We conclude that the term "seniority" as used in N.J.S.A. 18A:28-6.1 should be accorded the same liberal interpretation as in the military service cases. The evident intent of N.J.S.A. 18A:28-6.1 was to preserve the basic employment rights of the tenured teachers in a school district which discontinues one or more schools and enters into a sending-receiving relationship with another school district. This broad legislative intent is evidenced by the fact that N.J.S.A. 18A:28-6.1 preserves not only the seniority rights of teachers transferred pursuant to such an agreement but also their rights to pension, accumulated leaves of absence and tenure. The value of these basic employment rights would be significantly diminished if the receiving district could deny credit for the transferred teachers' years of service in the sending district in determining their compensation. In fact, the amount of compensation is probably the most basic term and condition of any employment relationship, and the number of years of prior credited service is one of the primary determinants of a teacher's compensation. Interestingly, the Buena Board recognized the transferred teachers' prior service in the Newfield district in determining their levels of compensation under the basic multi-step salary guide but refused to recognize that service in determining their additional compensation under the so-called "longevity" provision. However, there is no basis in N.J.S.A. 18A:28-6.1 or any other section of the education laws for denying a teacher additional compensation for additional years of service simply because a school board chooses to characterize this additional compensation as "longevity" pay. Therefore, we construe N.J.S.A. 18A:28-6.1 to require a school district which enters into a sending-receiving relationship with another district which has discontinued a school to treat the prior service of tenured teachers transferred pursuant to the agreement as if it had been performed in the receiving district for the purpose of determining those teachers' levels of compensation.
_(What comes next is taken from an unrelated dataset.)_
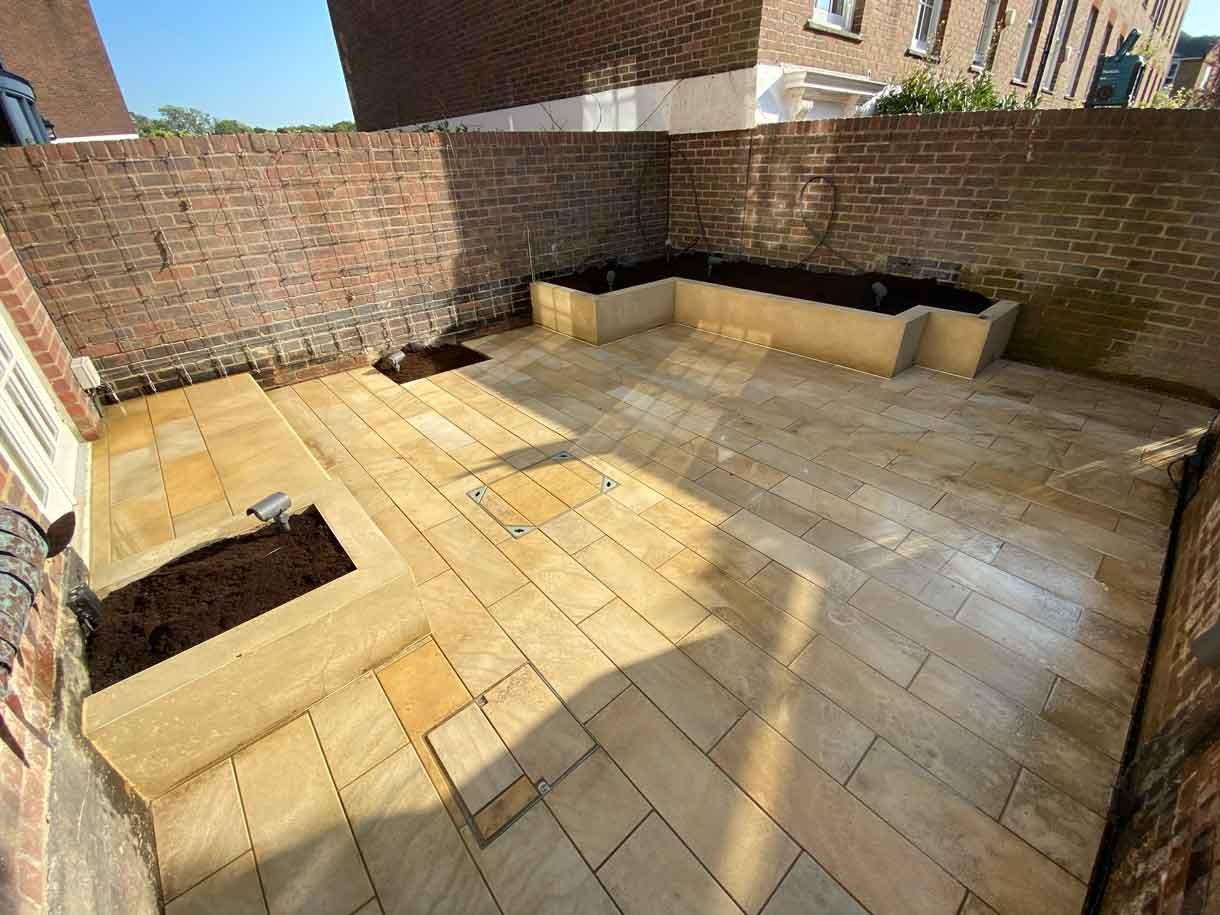 A small courtyard garden in Chiswick with raised planters.
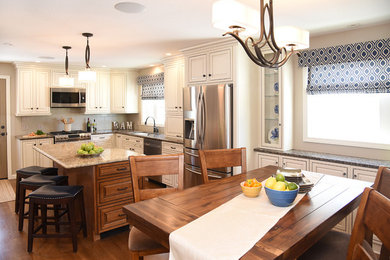 Mid-sized transitional eat-in kitchen in Boston with an undermount sink, white cabinets, quartzite benchtops, ceramic splashback, stainless steel appliances, medium hardwood floors and with island.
Finally, we reject the Buena Board's arguments that the arbitration award must be vacated because the Buena Education Association failed to file a grievance within the time allowed by the collective negotiating agreement and because the Association is equitably estopped from seeking additional compensation on behalf of the former Newfield teachers. The arbitrator had the responsibility to determine whether the grievance was filed in a timely manner, see Commerce Bank, N.A. v. DiMaria Const., N.J. Super. , (App. Div. 1997) (slip op. at 4-10), and the Board has not shown any grounds for disturbing the arbitrator's determination that the grievance was timely because it was directed at a "continuing violation." The Buena Education Association had no authority to enter into a collective negotiating agreement which relinquished the transferred teachers' right guaranteed by N.J.S.A. 18A:28-6.1 to receive full credit for their prior service in the Newfield district. Consequently, even if the Buena Board could show that Buena Education Association had agreed to exclude the transferred teachers from the benefit of the longevity provision, there would be no basis for a finding of equitable estoppel.